Supplied material section start
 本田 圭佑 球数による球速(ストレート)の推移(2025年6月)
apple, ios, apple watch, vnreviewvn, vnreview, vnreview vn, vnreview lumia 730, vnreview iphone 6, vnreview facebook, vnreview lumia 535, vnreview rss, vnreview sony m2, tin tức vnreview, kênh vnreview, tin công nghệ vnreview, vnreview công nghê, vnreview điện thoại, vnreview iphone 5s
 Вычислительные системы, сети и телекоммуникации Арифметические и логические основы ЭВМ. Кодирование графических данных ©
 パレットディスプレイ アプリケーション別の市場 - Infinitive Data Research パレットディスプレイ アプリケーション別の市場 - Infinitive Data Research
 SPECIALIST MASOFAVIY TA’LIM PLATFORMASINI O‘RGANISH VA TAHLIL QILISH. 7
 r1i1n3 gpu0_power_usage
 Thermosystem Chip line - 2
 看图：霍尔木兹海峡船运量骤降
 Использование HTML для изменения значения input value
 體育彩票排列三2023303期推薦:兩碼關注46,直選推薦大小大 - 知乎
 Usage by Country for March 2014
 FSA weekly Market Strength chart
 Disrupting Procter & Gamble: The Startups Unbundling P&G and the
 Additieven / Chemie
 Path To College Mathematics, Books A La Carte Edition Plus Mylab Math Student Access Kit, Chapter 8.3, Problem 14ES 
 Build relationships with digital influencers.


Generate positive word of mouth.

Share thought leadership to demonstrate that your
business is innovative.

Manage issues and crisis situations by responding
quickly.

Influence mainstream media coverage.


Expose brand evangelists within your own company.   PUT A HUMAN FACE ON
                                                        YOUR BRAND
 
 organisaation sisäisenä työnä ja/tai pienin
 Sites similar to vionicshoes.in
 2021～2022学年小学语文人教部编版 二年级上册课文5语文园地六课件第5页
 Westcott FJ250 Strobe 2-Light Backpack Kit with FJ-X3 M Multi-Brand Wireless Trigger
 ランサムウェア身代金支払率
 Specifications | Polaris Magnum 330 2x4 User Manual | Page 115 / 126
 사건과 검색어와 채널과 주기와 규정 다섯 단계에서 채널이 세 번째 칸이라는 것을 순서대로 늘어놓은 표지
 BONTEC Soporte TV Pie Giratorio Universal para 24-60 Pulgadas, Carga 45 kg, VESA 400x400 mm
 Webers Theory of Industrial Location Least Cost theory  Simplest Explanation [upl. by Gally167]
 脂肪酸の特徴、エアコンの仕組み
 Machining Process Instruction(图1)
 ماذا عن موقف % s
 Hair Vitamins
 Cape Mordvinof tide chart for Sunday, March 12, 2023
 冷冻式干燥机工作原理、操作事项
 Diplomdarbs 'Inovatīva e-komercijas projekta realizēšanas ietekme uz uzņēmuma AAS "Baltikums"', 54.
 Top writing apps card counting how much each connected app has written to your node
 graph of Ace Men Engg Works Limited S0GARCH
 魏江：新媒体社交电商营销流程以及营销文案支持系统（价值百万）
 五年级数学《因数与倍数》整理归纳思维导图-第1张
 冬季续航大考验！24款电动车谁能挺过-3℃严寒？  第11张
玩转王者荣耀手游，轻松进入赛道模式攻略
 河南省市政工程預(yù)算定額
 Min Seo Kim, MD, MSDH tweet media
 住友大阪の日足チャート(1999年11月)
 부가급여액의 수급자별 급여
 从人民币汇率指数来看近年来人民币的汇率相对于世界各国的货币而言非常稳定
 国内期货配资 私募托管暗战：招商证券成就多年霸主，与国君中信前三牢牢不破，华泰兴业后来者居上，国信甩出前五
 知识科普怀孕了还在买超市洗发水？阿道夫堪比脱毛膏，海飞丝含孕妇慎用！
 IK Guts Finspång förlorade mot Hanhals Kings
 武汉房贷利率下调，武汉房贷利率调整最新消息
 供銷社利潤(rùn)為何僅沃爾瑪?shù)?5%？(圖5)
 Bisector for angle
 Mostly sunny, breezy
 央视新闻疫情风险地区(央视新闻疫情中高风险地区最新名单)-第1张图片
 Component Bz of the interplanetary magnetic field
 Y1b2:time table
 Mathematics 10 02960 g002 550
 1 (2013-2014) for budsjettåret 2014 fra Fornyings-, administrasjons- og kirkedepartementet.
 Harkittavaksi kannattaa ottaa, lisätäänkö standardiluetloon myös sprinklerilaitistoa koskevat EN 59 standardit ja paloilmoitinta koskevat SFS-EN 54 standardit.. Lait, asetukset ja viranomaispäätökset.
Supplied material section end
Problem to solve |
An exact copy of all the entries above is what is needed.

Exercise result |
 本田 圭佑 球数による球速(ストレート)の推移(2025年6月)
apple, ios, apple watch, vnreviewvn, vnreview, vnreview vn, vnreview lumia 730, vnreview iphone 6, vnreview facebook, vnreview lumia 535, vnreview rss, vnreview sony m2, tin tức vnreview, kênh vnreview, tin công nghệ vnreview, vnreview công nghê, vnreview điện thoại, vnreview iphone 5s
 Вычислительные системы, сети и телекоммуникации Арифметические и логические основы ЭВМ. Кодирование графических данных ©
 パレットディスプレイ アプリケーション別の市場 - Infinitive Data Research パレットディスプレイ アプリケーション別の市場 - Infinitive Data Research
 SPECIALIST MASOFAVIY TA’LIM PLATFORMASINI O‘RGANISH VA TAHLIL QILISH. 7
 r1i1n3 gpu0_power_usage
 Thermosystem Chip line - 2
 看图：霍尔木兹海峡船运量骤降
 Использование HTML для изменения значения input value
 體育彩票排列三2023303期推薦:兩碼關注46,直選推薦大小大 - 知乎
 Usage by Country for March 2014
 FSA weekly Market Strength chart
 Disrupting Procter & Gamble: The Startups Unbundling P&G and the
 Additieven / Chemie
 Path To College Mathematics, Books A La Carte Edition Plus Mylab Math Student Access Kit, Chapter 8.3, Problem 14ES 
 Build relationships with digital influencers.


Generate positive word of mouth.

Share thought leadership to demonstrate that your
business is innovative.

Manage issues and crisis situations by responding
quickly.

Influence mainstream media coverage.


Expose brand evangelists within your own company.   PUT A HUMAN FACE ON
                                                        YOUR BRAND
 
 organisaation sisäisenä työnä ja/tai pienin
 Sites similar to vionicshoes.in
 2021～2022学年小学语文人教部编版 二年级上册课文5语文园地六课件第5页
 Westcott FJ250 Strobe 2-Light Backpack Kit with FJ-X3 M Multi-Brand Wireless Trigger
 ランサムウェア身代金支払率
 Specifications | Polaris Magnum 330 2x4 User Manual | Page 115 / 126
 사건과 검색어와 채널과 주기와 규정 다섯 단계에서 채널이 세 번째 칸이라는 것을 순서대로 늘어놓은 표지
 BONTEC Soporte TV Pie Giratorio Universal para 24-60 Pulgadas, Carga 45 kg, VESA 400x400 mm
 Webers Theory of Industrial Location Least Cost theory  Simplest Explanation [upl. by Gally167]
 脂肪酸の特徴、エアコンの仕組み
 Machining Process Instruction(图1)
 ماذا عن موقف % s
 Hair Vitamins
 Cape Mordvinof tide chart for Sunday, March 12, 2023
 冷冻式干燥机工作原理、操作事项
 Diplomdarbs 'Inovatīva e-komercijas projekta realizēšanas ietekme uz uzņēmuma AAS "Baltikums"', 54.
 Top writing apps card counting how much each connected app has written to your node
 graph of Ace Men Engg Works Limited S0GARCH
 魏江：新媒体社交电商营销流程以及营销文案支持系统（价值百万）
 五年级数学《因数与倍数》整理归纳思维导图-第1张
 冬季续航大考验！24款电动车谁能挺过-3℃严寒？  第11张
玩转王者荣耀手游，轻松进入赛道模式攻略
 河南省市政工程預(yù)算定額
 Min Seo Kim, MD, MSDH tweet media
 住友大阪の日足チャート(1999年11月)
 부가급여액의 수급자별 급여
 从人民币汇率指数来看近年来人民币的汇率相对于世界各国的货币而言非常稳定
 国内期货配资 私募托管暗战：招商证券成就多年霸主，与国君中信前三牢牢不破，华泰兴业后来者居上，国信甩出前五
 知识科普怀孕了还在买超市洗发水？阿道夫堪比脱毛膏，海飞丝含孕妇慎用！
 IK Guts Finspång förlorade mot Hanhals Kings
 武汉房贷利率下调，武汉房贷利率调整最新消息
 供銷社利潤(rùn)為何僅沃爾瑪?shù)?5%？(圖5)
 Bisector for angle
 Mostly sunny, breezy
 央视新闻疫情风险地区(央视新闻疫情中高风险地区最新名单)-第1张图片
 Component Bz of the interplanetary magnetic field
 Y1b2:time table
 Mathematics 10 02960 g002 550
 1 (2013-2014) for budsjettåret 2014 fra Fornyings-, administrasjons- og kirkedepartementet.
 Harkittavaksi kannattaa ottaa, lisätäänkö standardiluetloon myös sprinklerilaitistoa koskevat EN 59 standardit ja paloilmoitinta koskevat SFS-EN 54 standardit.. Lait, asetukset ja viranomaispäätökset.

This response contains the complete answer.